What is needed: Begin at the line below that holds "Filtron levegőszűrő AP032" and end at the line that holds "Stretchy Car Keychain - Fun", transcribing each line exactly and skipping any picture.
++++ Records shown
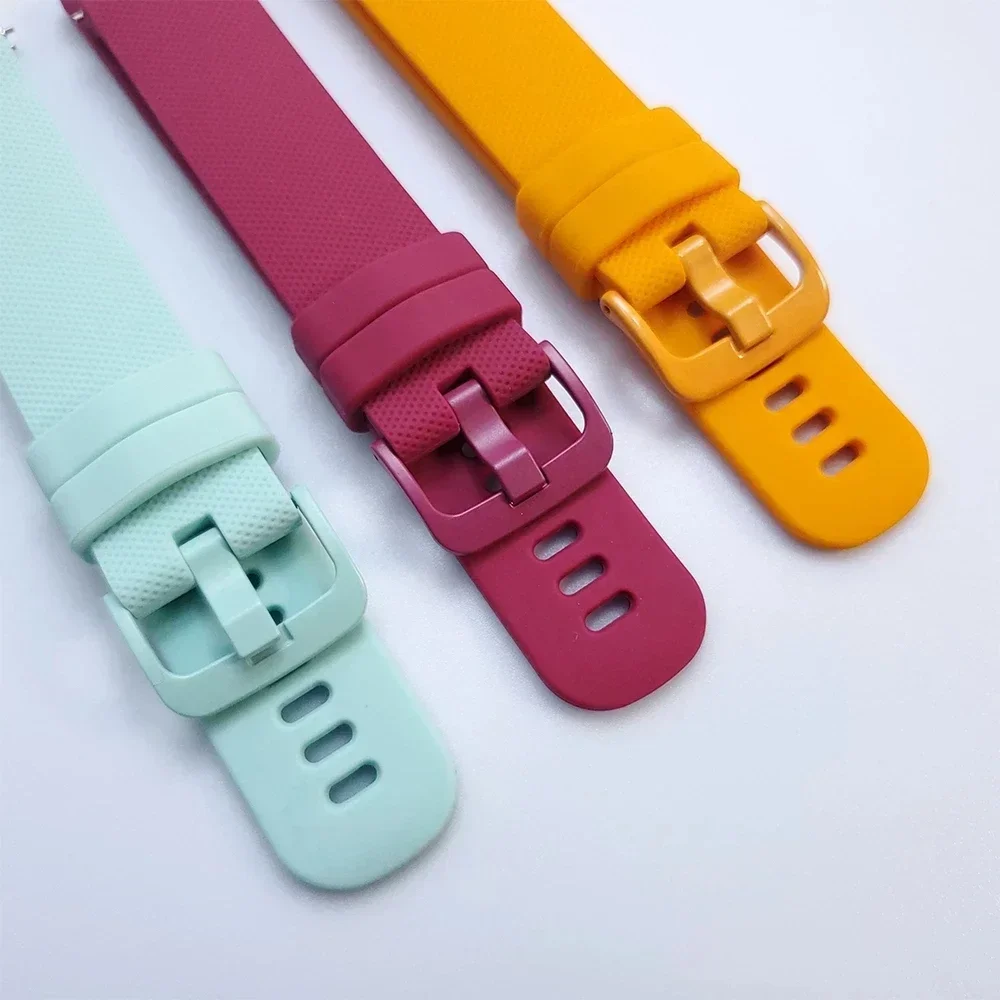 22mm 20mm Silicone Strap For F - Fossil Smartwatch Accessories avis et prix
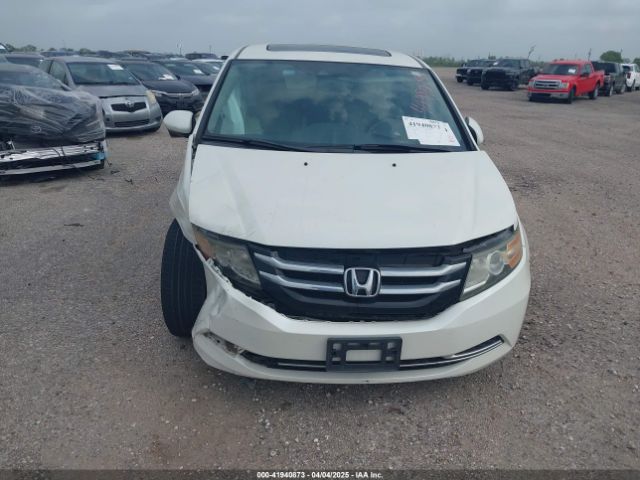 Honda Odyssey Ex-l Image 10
++++++++
++++ Records shown
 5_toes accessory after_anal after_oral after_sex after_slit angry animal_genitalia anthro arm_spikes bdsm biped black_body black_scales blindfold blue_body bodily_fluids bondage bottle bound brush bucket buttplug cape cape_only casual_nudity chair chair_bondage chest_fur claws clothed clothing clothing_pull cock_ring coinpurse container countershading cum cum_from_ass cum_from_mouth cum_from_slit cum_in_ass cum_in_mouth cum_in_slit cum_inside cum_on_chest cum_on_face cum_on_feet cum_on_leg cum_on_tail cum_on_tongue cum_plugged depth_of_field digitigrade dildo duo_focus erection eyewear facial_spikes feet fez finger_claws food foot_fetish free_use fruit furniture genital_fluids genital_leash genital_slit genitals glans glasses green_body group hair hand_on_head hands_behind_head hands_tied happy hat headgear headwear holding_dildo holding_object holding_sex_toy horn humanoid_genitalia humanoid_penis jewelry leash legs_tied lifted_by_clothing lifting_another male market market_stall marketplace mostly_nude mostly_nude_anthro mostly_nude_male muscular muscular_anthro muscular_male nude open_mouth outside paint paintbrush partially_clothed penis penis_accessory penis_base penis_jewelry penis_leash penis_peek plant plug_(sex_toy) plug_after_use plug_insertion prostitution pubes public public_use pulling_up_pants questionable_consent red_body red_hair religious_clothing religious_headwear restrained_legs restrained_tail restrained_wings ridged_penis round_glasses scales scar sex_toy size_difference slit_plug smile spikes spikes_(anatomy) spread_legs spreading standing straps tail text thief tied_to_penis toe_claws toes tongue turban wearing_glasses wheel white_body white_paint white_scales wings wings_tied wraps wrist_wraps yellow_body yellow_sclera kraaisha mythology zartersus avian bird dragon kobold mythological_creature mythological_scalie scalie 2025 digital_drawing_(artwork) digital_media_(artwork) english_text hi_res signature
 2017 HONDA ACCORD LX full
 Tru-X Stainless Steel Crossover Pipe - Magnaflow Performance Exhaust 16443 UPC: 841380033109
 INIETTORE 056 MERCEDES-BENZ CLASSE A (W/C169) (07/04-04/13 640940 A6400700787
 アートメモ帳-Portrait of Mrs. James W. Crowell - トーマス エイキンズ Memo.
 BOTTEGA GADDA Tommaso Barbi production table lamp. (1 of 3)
++++++++
++++ Records shown
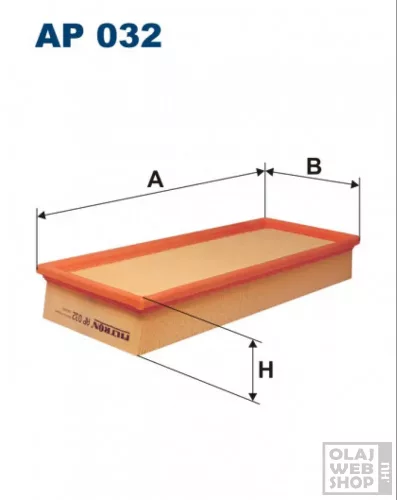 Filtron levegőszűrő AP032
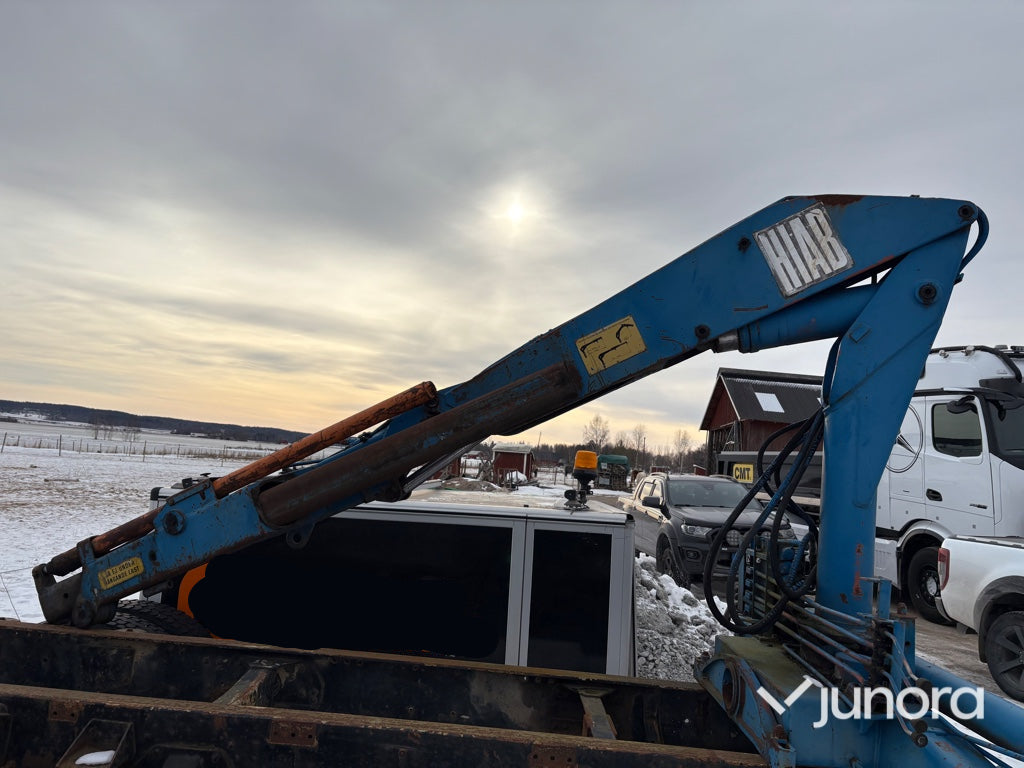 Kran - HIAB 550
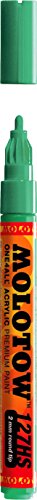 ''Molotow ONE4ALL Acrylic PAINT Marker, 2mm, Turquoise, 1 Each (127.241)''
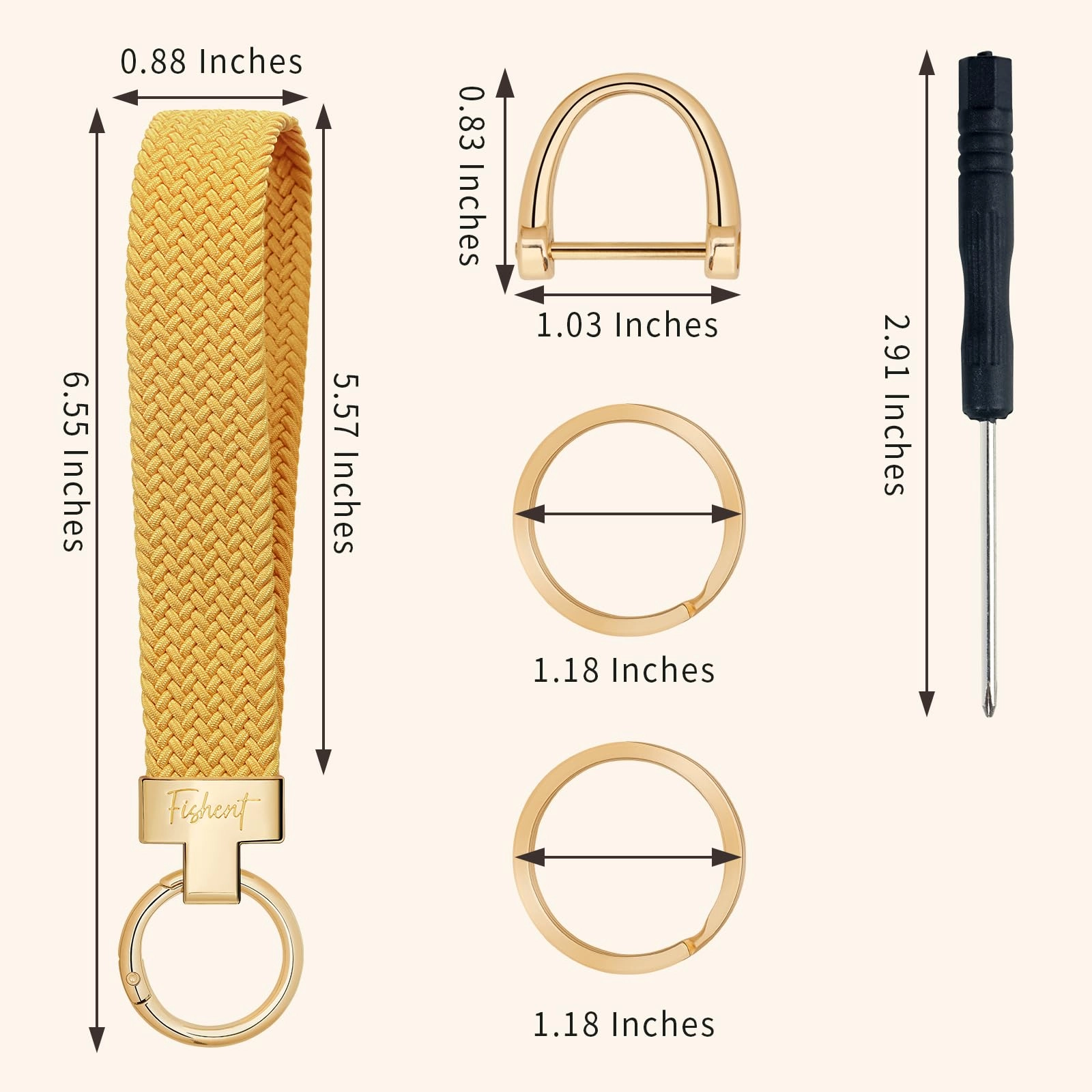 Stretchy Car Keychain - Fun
++++++++
Answer area:
 Filtron levegőszűrő AP032
 Kran - HIAB 550
 ''Molotow ONE4ALL Acrylic PAINT Marker, 2mm, Turquoise, 1 Each (127.241)''
 Stretchy Car Keychain - Fun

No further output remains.